It sufficeth that the day will end

**CAUTION: Post contains some images and ideas that some may find disturbing.**

Anticipating twilight may be internal as well as external, and the two may not always be in synch. Crepescule may fall across our inner landscape before it falls outside. The best course may be to remain vigilant, and be aware of both.

Author photo.

Speaking of the end of the day, the title line for this blog post belongs to Brutus, who, in Shakespeare’s Julius Caesar, is in some ways a bit of a stoic. Or at least he tries to be so. In the full exchange, Brutus and Cassius are saying their final farewells in case the upcoming battle against the forces of Marc Antony and Octavius Caesar at Philippi has an unfavourable outcome for them:

CASSIUS Then, if we lose this battle,
You are contented to be led in triumph
Thorough the streets of Rome?

BRUTUS No, Cassius, no.

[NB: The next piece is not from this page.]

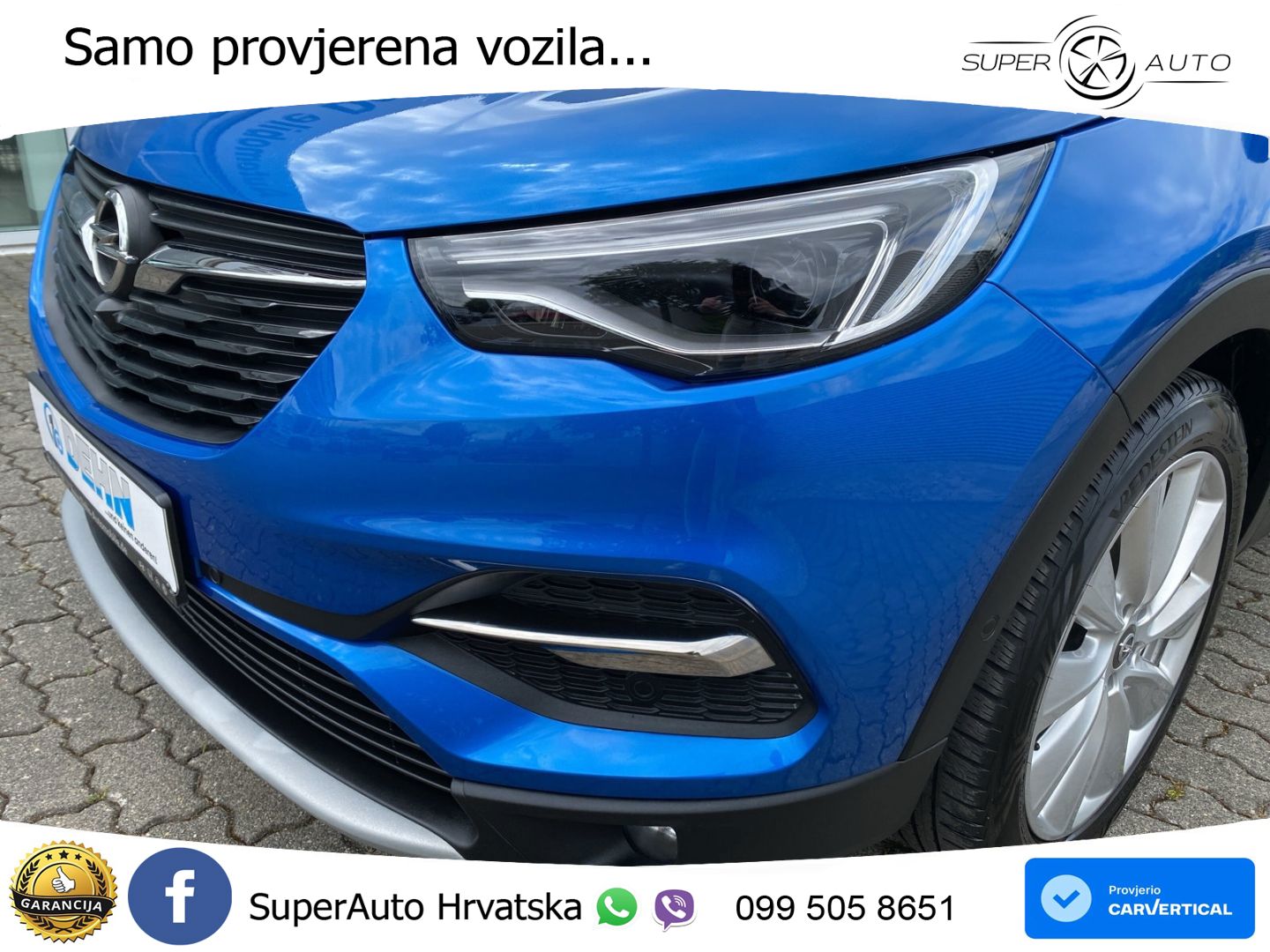 Opel Grandland X 2.0d (177 KS) Automatic Ultimate LED+GR SJED+ACC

Think not, thou noble Roman,
That ever Brutus will go bound to Rome.
He bears too great a mind. But this same day
Must end that work the ides of March begun.
And whether we shall meet again, I know not.
Therefore our everlasting farewell take.
Forever and forever farewell, Cassius.
If we do meet again, why we shall smile;
If not, why then this parting was well made.

CASSIUS Forever and forever farewell, Brutus.
If we do meet again, we’ll smile indeed;
If not, ’tis true this parting was well made.

BRUTUS Why then, lead on.—O, that a man might know
The end of this day’s business ere it come!
But it sufficeth that the day will end,
And then the end is known.—Come ho, away!

Julius Caesar 5.1.118-36

At this moment in the text, and at this moment in the play, the final farewell is foregrounded against an internal landscape, against the finitude of human understanding, knowing, and existence. Metaphorically, it is the end of the day. Brutus has had ample warning about Philippi already. The ghost of Julius Caesar (the dear friend whom Brutus helped to assassinate) has, on the night before the battle, appeared to Brutus in his tent, and more about Brutus’ encounter with the ghost of his erstwhile friend may be read here:

http://bloggingshakespeare.com/great-caesars-ghost

When Brutus argues to Cassius that ‘it sufficeth that the day will end’, he also makes the argument to himself. He dismisses subsequent speculation in spite of the fact that the memory of his previous encounter with Caesar’s ghost would still be with him. Yet, Brutus also laments that we cannot help the longing to look into the future.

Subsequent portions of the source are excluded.